[DATA IN THIS EXERCISE Boundary: Start]
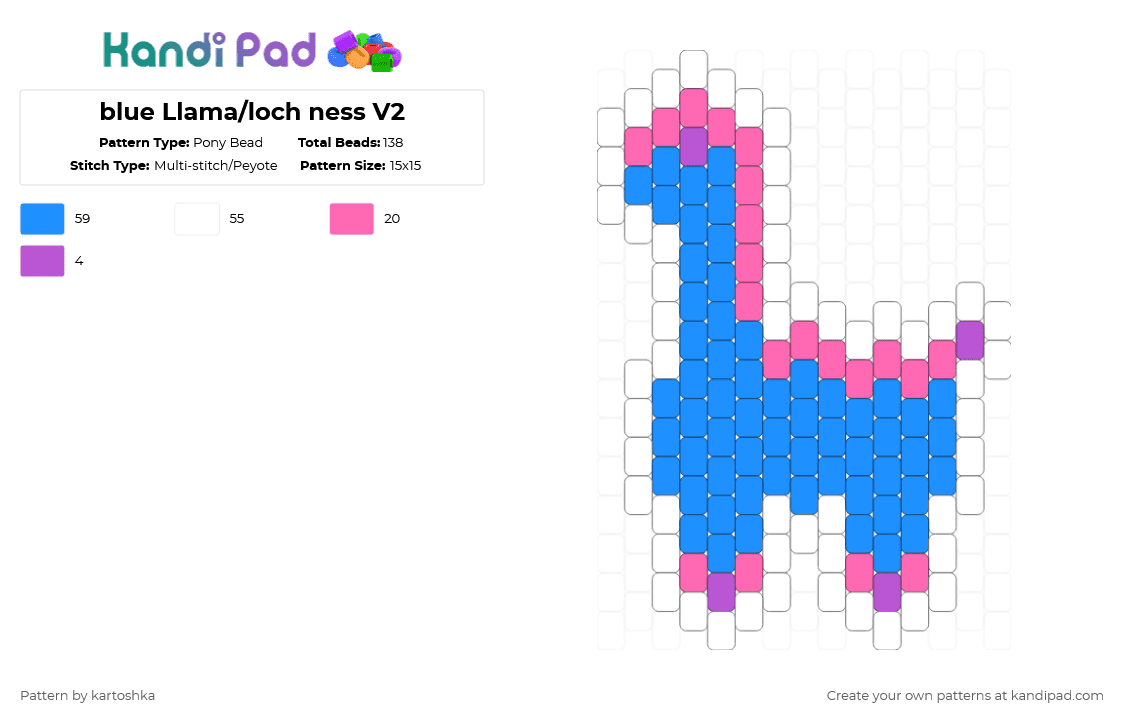 blue Llama/loch ness V2 - Pony Bead Pattern by kartoshka on Kandi Pad - llama,monster,nessie,charm,animal,pink,light blue,blue,loch ness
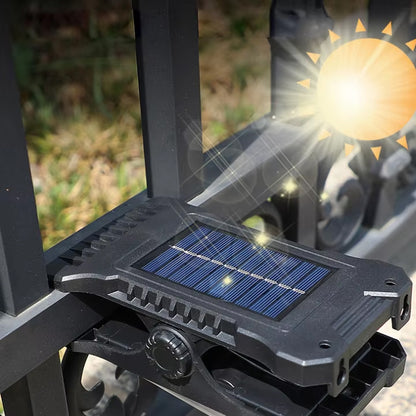 Waterproof Solar Clip Lamp with Dual Charging, Multi-Installation Modes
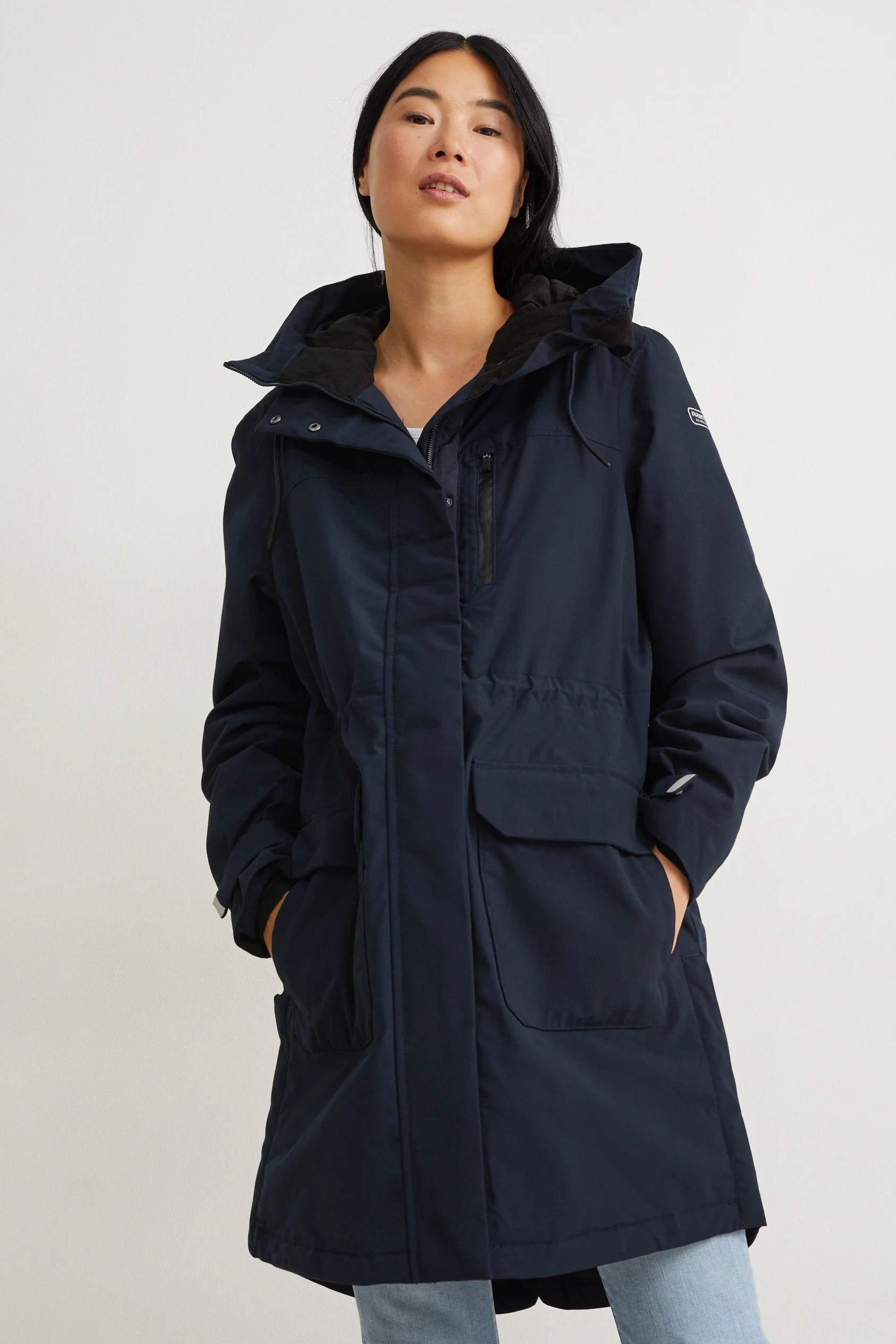 Rain jacket with hood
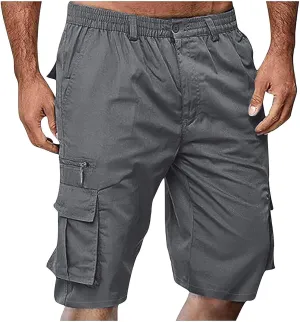 Cargo Shorts for Men Elastic Waist Zipper Relaxed Stretch Lightweight Work Shorts Multi-Pocket Button Summer Tactical Pants
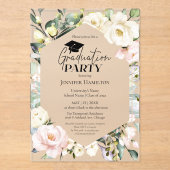 ボホグリーンリーフローラフレーム卒業パーティー アクリル招待状 (正面)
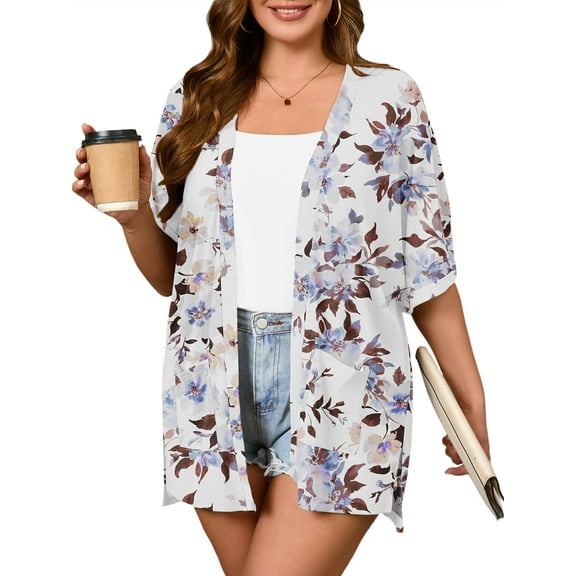 SHOWMALL Women Plus Size Summer Boleros Floral Shrugs White Peony 3X Short Sleeve Open Front Lightweight Cardigan with Pockets Drape Beach Cover Up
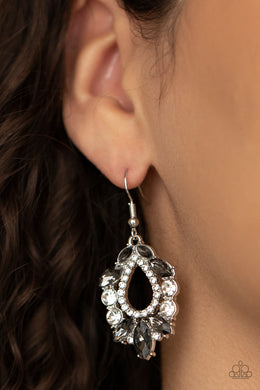 New Age Noble - Silver Rhinestone Earrings Paparazzi Accessories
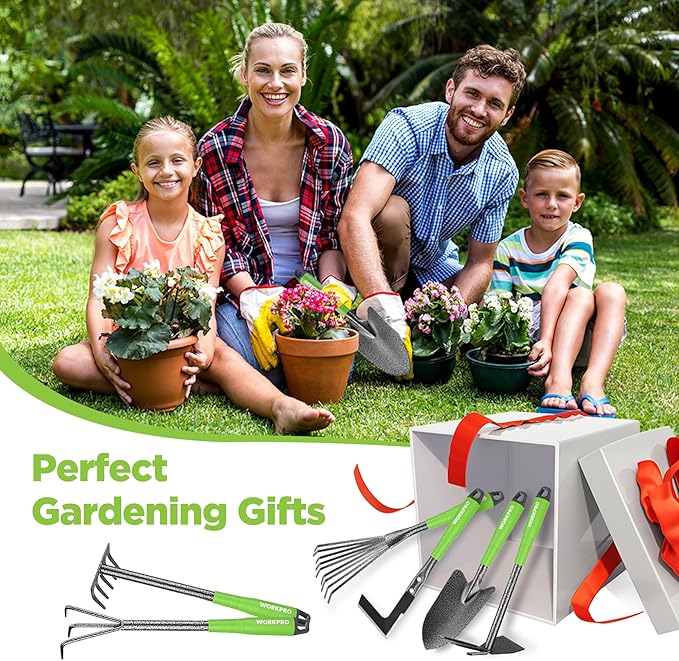 WORKPRO 6-Piece Garden Tool Set, Heavy Duty Gardening Hand Tools with Soft Rubber Handle, Including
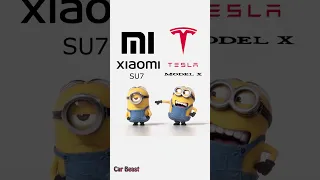 Xiaomi su7 vs Tesla model X minions style fun #foryou #funny #trending #status #car #asmr #xiaomi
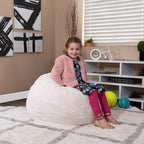 EMMA + OLIVER Small White Furry Bean Bag Chair for Kids and Teens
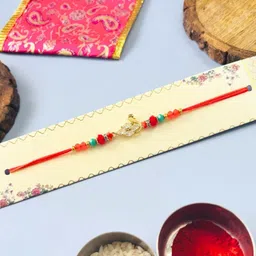 tipsy closet Om American Diamond Swan Accent Handmade Rakhi Traditional Stone Studded & Beaded Thread Rakhi for Brother image 3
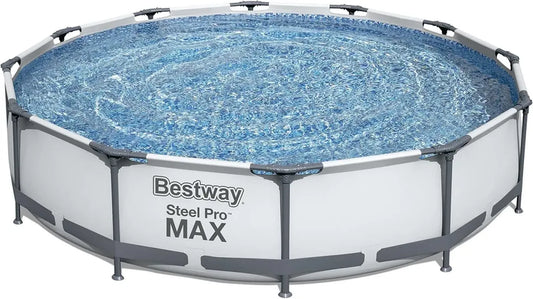 Piscine Ronde Bestway Steel Pro Max avec Pompe de Filtration 366x76 cm - Gris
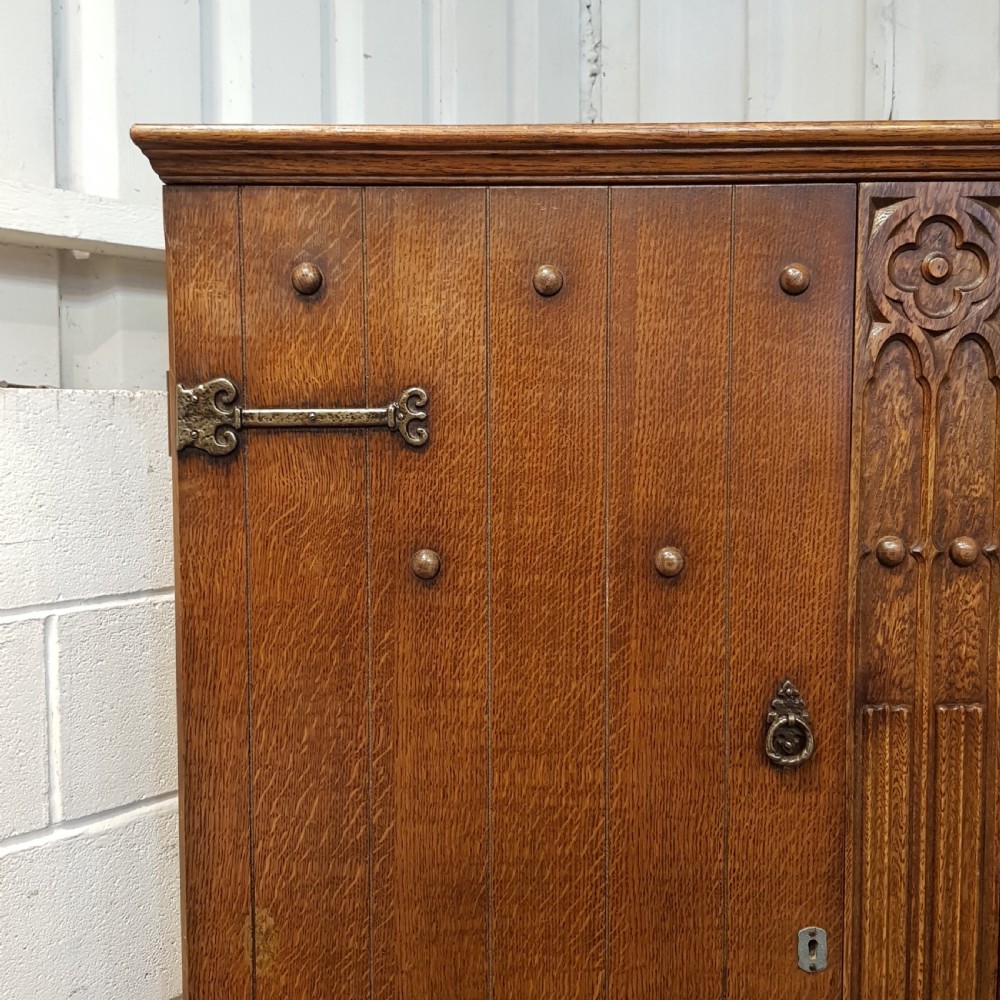 ANTIQUE CARVED OAK DOUBLE WARDROBE C1920 View IV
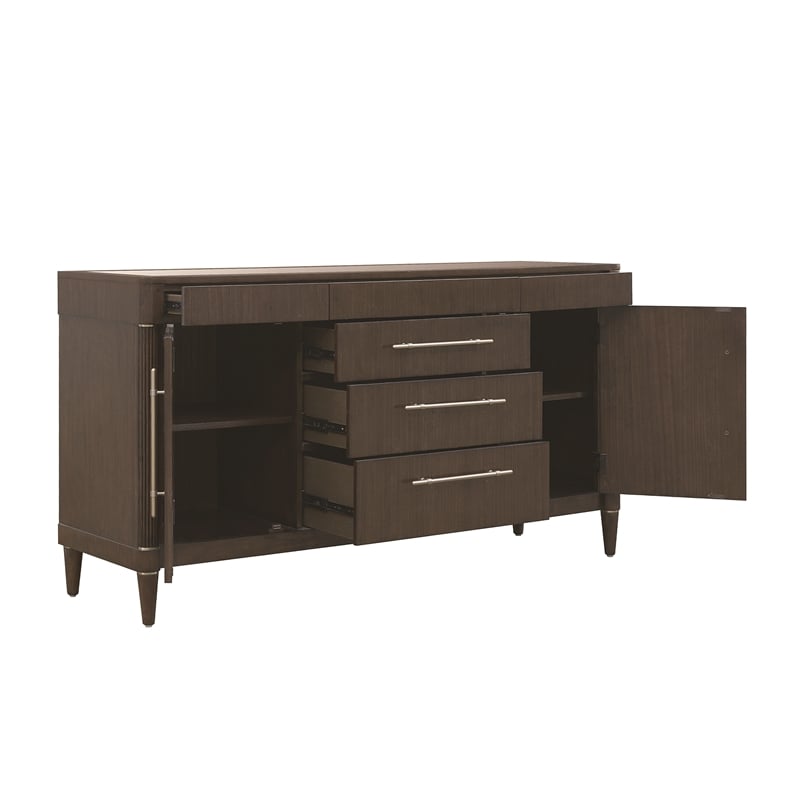 Asher Park Glass Top 2 Door Buffet with Storage Drawers in Brown Wood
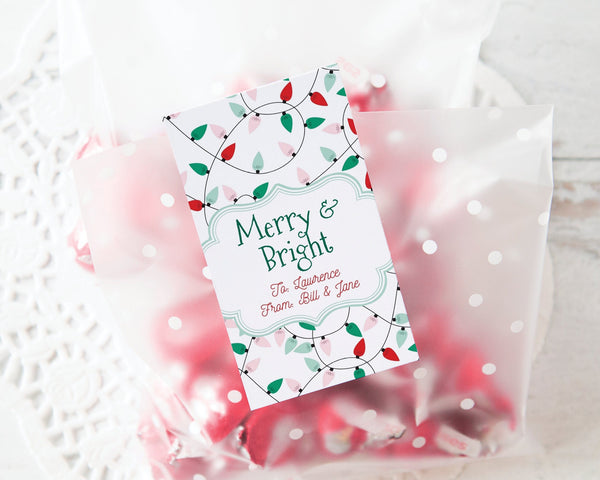 Christmas String Lights Gift Tags - Corjl editable, favor tags, printable hang tags, 2x3.5 inches, bag tags, christmas gift tags, cute xmas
[DATA IN THIS EXERCISE Boundary: End]
◆ **YOUR ASSIGNMENT**
Beginning with the line that contains "Waterproof Solar Clip" and ending with the line that contains "WORKPRO 6-Piece Garden", reproduce the listing exactly, pictures excluded.

◆ **ANSWER BELOW**
 Waterproof Solar Clip Lamp with Dual Charging, Multi-Installation Modes
 Rain jacket with hood
 Cargo Shorts for Men Elastic Waist Zipper Relaxed Stretch Lightweight Work Shorts Multi-Pocket Button Summer Tactical Pants
 ボホグリーンリーフローラフレーム卒業パーティー アクリル招待状 (正面)
 SHOWMALL Women Plus Size Summer Boleros Floral Shrugs White Peony 3X Short Sleeve Open Front Lightweight Cardigan with Pockets Drape Beach Cover Up
 New Age Noble - Silver Rhinestone Earrings Paparazzi Accessories
 WORKPRO 6-Piece Garden Tool Set, Heavy Duty Gardening Hand Tools with Soft Rubber Handle, Including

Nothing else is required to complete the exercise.